Problem -
From the data below, repeat exactly the lines from the line with "Popilush Women's Shapewear" to the line with "2024 Summer Thin", both included.

Records for this task -
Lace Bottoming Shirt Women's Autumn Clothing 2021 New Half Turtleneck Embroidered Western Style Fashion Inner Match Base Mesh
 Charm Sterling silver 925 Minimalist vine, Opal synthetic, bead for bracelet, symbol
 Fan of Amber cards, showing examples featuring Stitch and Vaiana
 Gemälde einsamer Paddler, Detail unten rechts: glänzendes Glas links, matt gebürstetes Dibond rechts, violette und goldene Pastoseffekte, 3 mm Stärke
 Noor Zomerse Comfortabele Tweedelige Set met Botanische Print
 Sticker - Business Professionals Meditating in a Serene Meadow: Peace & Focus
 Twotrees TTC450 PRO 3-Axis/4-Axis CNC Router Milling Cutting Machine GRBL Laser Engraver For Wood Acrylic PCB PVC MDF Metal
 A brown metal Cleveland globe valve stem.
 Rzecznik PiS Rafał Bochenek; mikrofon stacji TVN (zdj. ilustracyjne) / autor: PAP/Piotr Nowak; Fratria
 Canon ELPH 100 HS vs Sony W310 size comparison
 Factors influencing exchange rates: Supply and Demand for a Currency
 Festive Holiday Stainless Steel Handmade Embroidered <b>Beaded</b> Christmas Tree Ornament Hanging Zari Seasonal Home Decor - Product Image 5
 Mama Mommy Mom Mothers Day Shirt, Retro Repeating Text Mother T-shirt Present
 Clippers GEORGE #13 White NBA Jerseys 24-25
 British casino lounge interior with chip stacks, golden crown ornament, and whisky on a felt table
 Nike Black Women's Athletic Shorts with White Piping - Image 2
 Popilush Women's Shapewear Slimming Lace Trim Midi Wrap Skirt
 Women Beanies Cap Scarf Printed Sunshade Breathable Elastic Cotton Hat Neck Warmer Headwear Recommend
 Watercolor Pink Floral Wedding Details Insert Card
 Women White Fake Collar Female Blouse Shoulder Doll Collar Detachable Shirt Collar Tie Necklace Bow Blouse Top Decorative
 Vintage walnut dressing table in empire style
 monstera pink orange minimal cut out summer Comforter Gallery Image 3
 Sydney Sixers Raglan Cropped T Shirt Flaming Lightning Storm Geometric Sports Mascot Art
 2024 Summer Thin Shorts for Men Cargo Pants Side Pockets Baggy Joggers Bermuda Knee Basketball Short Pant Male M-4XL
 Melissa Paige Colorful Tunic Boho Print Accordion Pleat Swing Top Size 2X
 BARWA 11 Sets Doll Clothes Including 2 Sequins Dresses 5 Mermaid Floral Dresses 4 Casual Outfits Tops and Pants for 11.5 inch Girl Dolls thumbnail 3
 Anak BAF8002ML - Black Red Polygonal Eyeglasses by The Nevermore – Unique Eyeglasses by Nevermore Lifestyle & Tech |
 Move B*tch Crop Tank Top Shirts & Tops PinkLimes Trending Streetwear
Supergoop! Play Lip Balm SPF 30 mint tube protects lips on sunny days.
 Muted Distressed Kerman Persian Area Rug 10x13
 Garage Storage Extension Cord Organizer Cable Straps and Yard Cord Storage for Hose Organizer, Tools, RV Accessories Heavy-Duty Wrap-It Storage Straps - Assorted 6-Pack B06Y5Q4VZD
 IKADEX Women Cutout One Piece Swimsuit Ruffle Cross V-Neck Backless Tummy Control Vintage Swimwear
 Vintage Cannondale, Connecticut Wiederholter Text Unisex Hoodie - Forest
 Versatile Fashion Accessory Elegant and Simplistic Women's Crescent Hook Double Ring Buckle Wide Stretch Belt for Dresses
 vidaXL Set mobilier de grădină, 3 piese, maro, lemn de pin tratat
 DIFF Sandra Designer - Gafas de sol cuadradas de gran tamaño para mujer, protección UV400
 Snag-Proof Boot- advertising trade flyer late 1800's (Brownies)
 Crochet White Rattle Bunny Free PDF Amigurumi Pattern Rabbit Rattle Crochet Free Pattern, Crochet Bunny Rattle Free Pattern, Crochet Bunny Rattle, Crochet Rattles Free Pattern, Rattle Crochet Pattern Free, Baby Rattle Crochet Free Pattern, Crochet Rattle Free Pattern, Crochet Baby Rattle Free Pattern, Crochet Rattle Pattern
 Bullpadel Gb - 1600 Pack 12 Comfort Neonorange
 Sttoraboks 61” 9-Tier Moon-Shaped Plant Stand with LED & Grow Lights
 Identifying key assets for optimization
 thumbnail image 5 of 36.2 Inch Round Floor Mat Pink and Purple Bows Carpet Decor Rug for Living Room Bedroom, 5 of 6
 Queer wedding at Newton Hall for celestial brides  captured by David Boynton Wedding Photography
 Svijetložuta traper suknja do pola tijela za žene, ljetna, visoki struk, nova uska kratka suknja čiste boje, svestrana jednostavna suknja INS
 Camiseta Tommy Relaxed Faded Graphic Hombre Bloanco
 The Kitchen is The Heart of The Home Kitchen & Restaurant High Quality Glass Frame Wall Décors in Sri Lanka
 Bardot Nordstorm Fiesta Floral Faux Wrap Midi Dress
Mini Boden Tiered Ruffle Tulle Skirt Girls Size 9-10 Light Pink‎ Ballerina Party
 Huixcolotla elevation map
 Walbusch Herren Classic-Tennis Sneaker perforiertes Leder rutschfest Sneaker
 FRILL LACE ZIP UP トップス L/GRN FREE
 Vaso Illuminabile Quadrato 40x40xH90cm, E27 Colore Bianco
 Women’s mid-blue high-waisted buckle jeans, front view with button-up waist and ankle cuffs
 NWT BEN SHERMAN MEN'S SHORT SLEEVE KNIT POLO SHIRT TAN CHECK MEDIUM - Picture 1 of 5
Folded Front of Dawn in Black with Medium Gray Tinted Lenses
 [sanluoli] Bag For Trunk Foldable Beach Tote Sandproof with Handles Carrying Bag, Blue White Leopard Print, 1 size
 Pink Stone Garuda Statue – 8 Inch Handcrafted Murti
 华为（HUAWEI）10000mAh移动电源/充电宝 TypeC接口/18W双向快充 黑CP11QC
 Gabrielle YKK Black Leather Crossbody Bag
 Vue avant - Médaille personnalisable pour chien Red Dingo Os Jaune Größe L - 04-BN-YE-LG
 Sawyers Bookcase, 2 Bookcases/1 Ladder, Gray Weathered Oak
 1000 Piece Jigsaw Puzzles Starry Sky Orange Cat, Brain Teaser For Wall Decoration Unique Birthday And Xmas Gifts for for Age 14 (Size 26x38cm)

Exercise output -
 Popilush Women's Shapewear Slimming Lace Trim Midi Wrap Skirt
 Women Beanies Cap Scarf Printed Sunshade Breathable Elastic Cotton Hat Neck Warmer Headwear Recommend
 Watercolor Pink Floral Wedding Details Insert Card
 Women White Fake Collar Female Blouse Shoulder Doll Collar Detachable Shirt Collar Tie Necklace Bow Blouse Top Decorative
 Vintage walnut dressing table in empire style
 monstera pink orange minimal cut out summer Comforter Gallery Image 3
 Sydney Sixers Raglan Cropped T Shirt Flaming Lightning Storm Geometric Sports Mascot Art
 2024 Summer Thin Shorts for Men Cargo Pants Side Pockets Baggy Joggers Bermuda Knee Basketball Short Pant Male M-4XL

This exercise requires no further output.